手のひらサイズに高機能を詰め込んだスマートフォンが全盛の携帯電話だが、その歴史を語る際に無視できないのが、1985年に発売された車載・携帯兼用型自動車電話「ショルダーホン」だ。重さ約3キロ、文字通り肩から下げて持ち運ぶ。このプロジェクトに当時課長だった加藤薫社長とともに、係長として携わった。87年に発売した日本初の携帯電話の開発も担当し、携帯の黎明(れいめい)期を支えた自負が、その後の仕事ぶりに影響を与えたという。
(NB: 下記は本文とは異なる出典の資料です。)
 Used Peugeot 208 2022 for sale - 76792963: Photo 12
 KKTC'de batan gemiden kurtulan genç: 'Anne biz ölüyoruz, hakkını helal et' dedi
「多くのパートナーと連携を進め、他の人のアイデアをしっかり聞いたことが技術革新につながった。この時と同じ考え方で他の業務もこなしてきた」と振り返る。
技術系だが、法人営業や経営企画、業務改革など幅広い業務も経験。直近は加藤社長の右腕の副社長として効率化によるコスト削減に取り組み、業績回復の一翼を担った。加藤氏は「経験豊富で人柄は実直。ドコモを引っ張っていってくれることは間違いない」と全幅の信頼を寄せる。
足元の業績は好調だが、屋台骨である国内通信事業がいつまでも堅調とはかぎらない。加藤氏が新規事業やコンテンツサービスなどの「スマートライフ領域」に注力したように、複数の収益源を育てる必要に迫られており、経営のかじ取りは複雑さを増している。
しかし、気負いはない。ドコモは「営業利益8200億円以上」など2018年3月期の中期目標の数値を、17年3月期に前倒し達成する業績予想を打ち出しており、「まずはこれを実現したい」と話す。